**Task objective**
Please return, exactly and only, the lines beginning at the top of the entries below and ending with the line containing "L'île de Ioánnina depuis le nord-est."; keep out the pictures.

──────── Materials provided

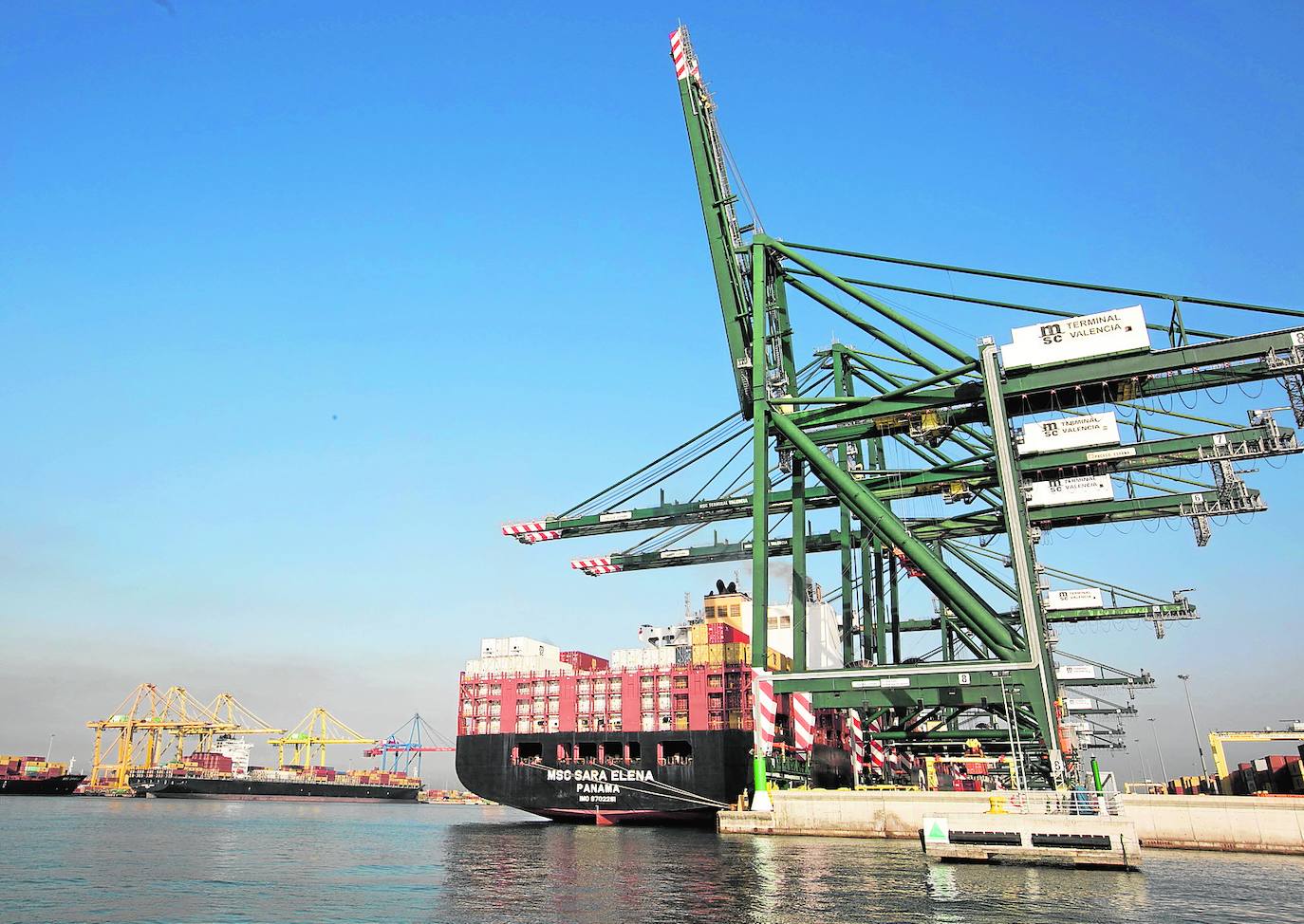 Los empresarios aplauden que el Gobierno marque como estratégica la ampliación del Puerto de Valencia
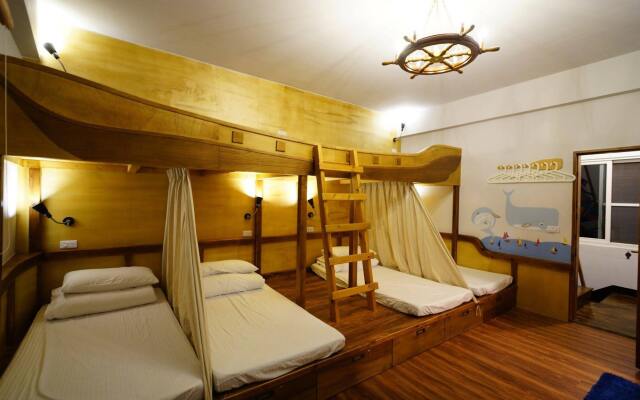 Dock Inn Tainan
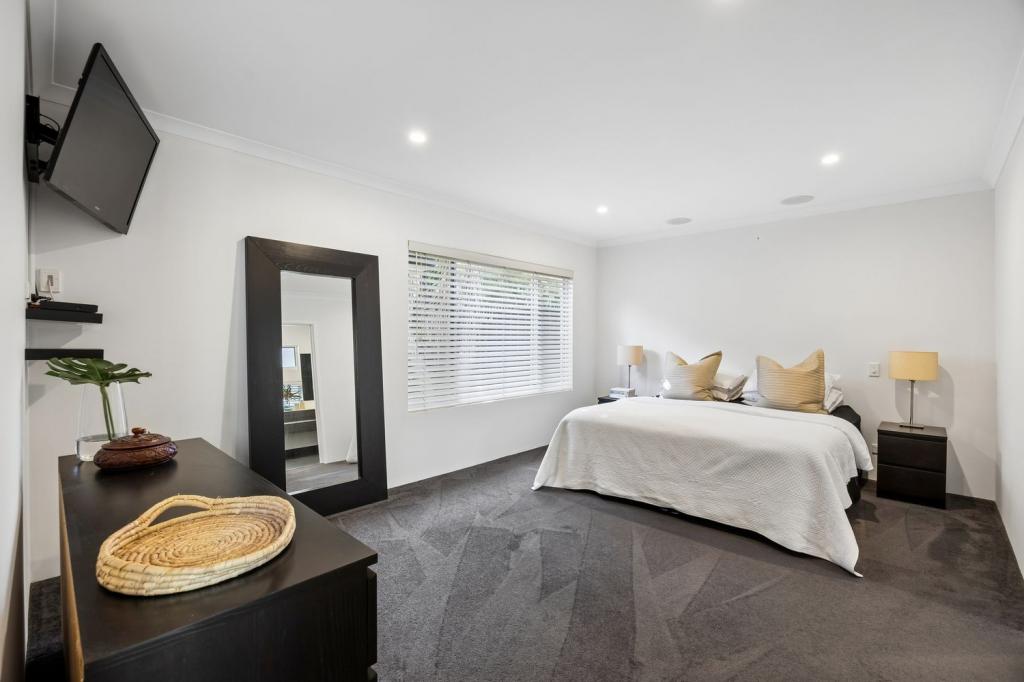 10 LANGDALE ST, WEMBLEY DOWNS, WA 6019
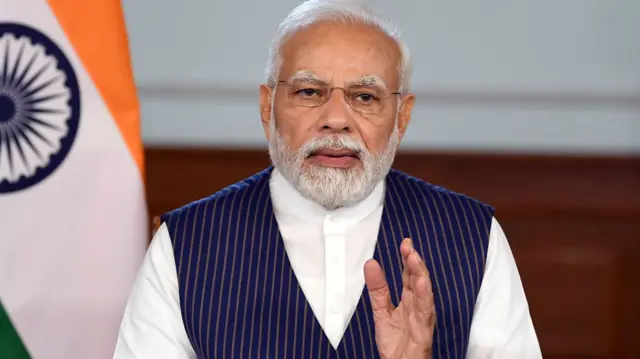नरेंद्र मोदी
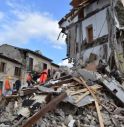 Terremoto, il giorno del dolore. Mattarella: 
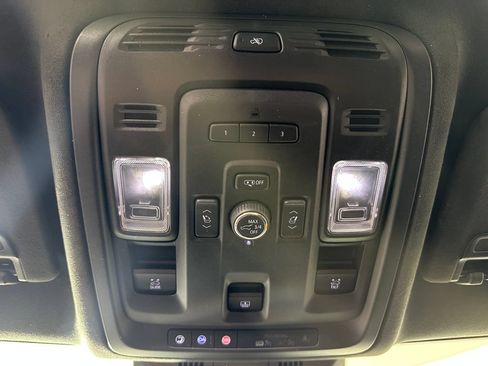 Used 2021 Cadillac Escalade ESV Sport Platinum AWD/4WD image 43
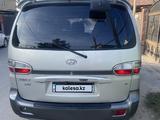 Hyundai Starex 2004 года за 3 600 000 тг. в Алматы – фото 3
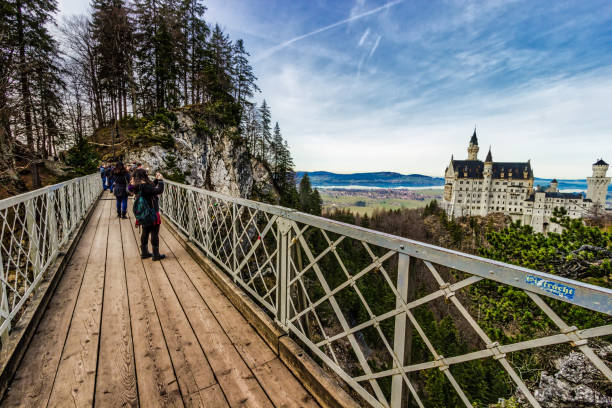 ponte bávara - neuschwanstein allgau europe germany - fotografias e filmes do acervo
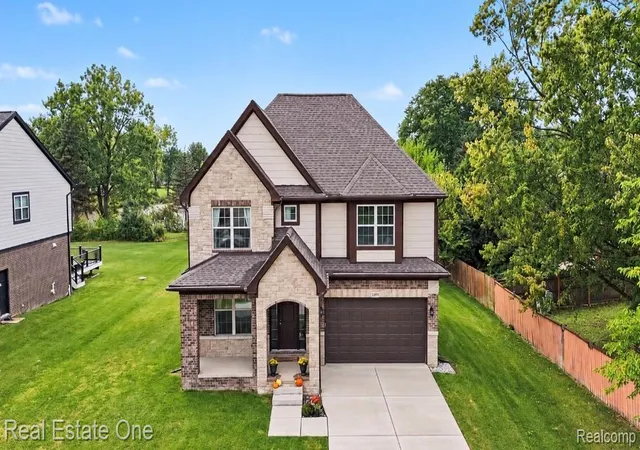 Photo 1 of Single family home for sale at 3499 John R Rd, Troy, MI 48083 | MLS# 20261069948 | Listing updated on 2026-09-12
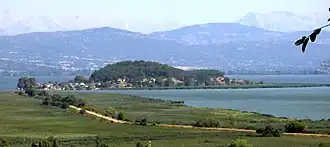 L'île de Ioánnina depuis le nord-est.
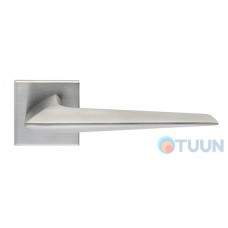 Ilavio handle, 2386, on square socket, matt chrome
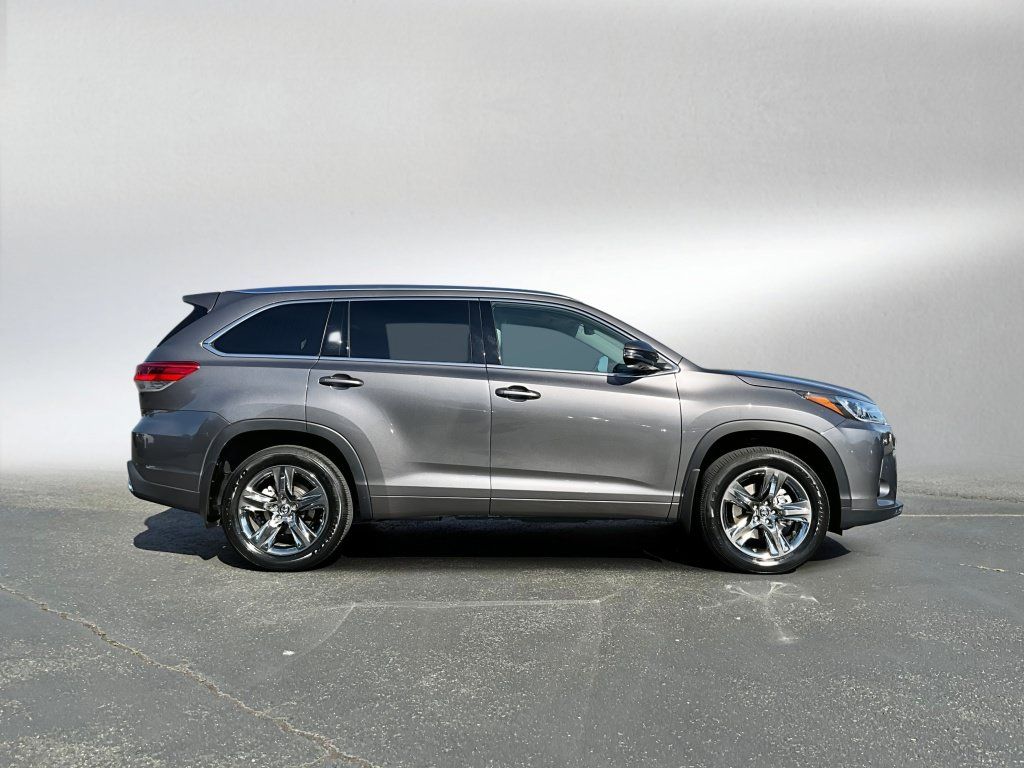 Used 2019 Toyota Highlander Limited Platinum AWD/4WD image 8
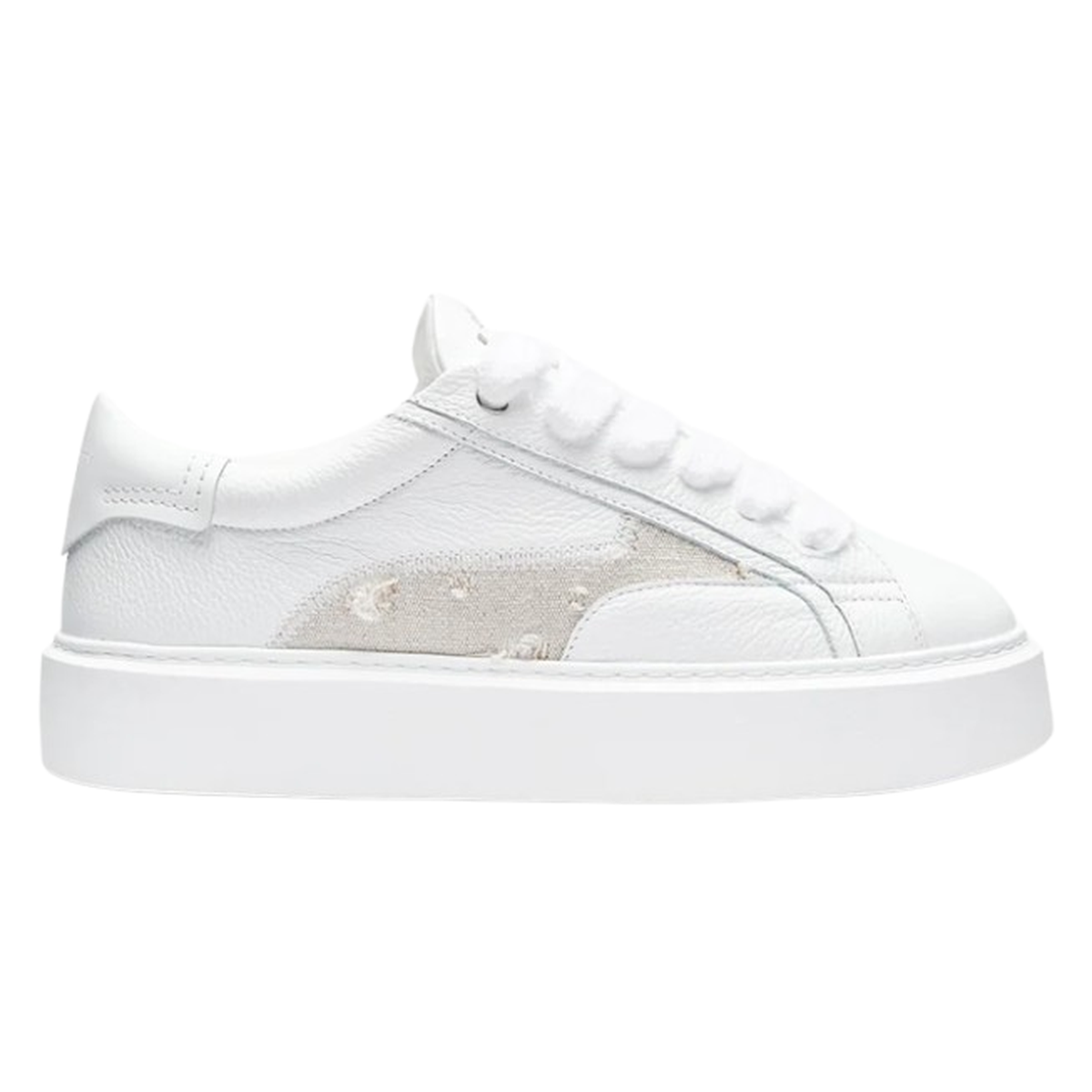 Reternity Le Promeneur Sneakers in White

────────────────

**Finished exercise**
 Los empresarios aplauden que el Gobierno marque como estratégica la ampliación del Puerto de Valencia
 Dock Inn Tainan
 10 LANGDALE ST, WEMBLEY DOWNS, WA 6019
नरेंद्र मोदी
 Terremoto, il giorno del dolore. Mattarella: 
 Used 2021 Cadillac Escalade ESV Sport Platinum AWD/4WD image 43
 Hyundai Starex 2004 года за 3 600 000 тг. в Алматы – фото 3
 ponte bávara - neuschwanstein allgau europe germany - fotografias e filmes do acervo
 Photo 1 of Single family home for sale at 3499 John R Rd, Troy, MI 48083 | MLS# 20261069948 | Listing updated on 2026-09-12
 L'île de Ioánnina depuis le nord-est.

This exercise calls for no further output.